• **Problem**
Return, in their exact form, the lines that lie between the start of the data below and the line containing "Jag.gr 645 PRO", with both ends included.
*** Block opens ***
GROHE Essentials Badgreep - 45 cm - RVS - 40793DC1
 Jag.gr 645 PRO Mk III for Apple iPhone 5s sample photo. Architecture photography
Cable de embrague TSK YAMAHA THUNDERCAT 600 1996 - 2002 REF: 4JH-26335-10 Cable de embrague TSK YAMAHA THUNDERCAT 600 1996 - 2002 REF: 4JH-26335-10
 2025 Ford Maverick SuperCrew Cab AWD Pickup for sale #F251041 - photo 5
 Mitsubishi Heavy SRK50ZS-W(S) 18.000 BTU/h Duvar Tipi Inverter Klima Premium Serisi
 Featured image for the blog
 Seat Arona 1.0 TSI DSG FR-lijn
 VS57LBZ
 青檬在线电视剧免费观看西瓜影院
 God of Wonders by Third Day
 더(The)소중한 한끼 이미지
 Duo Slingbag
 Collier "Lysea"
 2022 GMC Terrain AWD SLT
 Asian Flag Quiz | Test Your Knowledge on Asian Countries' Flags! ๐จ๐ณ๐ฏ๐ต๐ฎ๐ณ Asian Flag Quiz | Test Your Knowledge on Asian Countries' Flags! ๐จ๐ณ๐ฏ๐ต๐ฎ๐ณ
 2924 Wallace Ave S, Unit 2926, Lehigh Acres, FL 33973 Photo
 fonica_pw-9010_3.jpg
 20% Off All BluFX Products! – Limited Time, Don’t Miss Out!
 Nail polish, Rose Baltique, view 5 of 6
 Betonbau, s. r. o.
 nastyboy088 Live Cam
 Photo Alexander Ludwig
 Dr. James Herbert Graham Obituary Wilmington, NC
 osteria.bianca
*** Block closes ***
• **Completed task**
GROHE Essentials Badgreep - 45 cm - RVS - 40793DC1
 Jag.gr 645 PRO Mk III for Apple iPhone 5s sample photo. Architecture photography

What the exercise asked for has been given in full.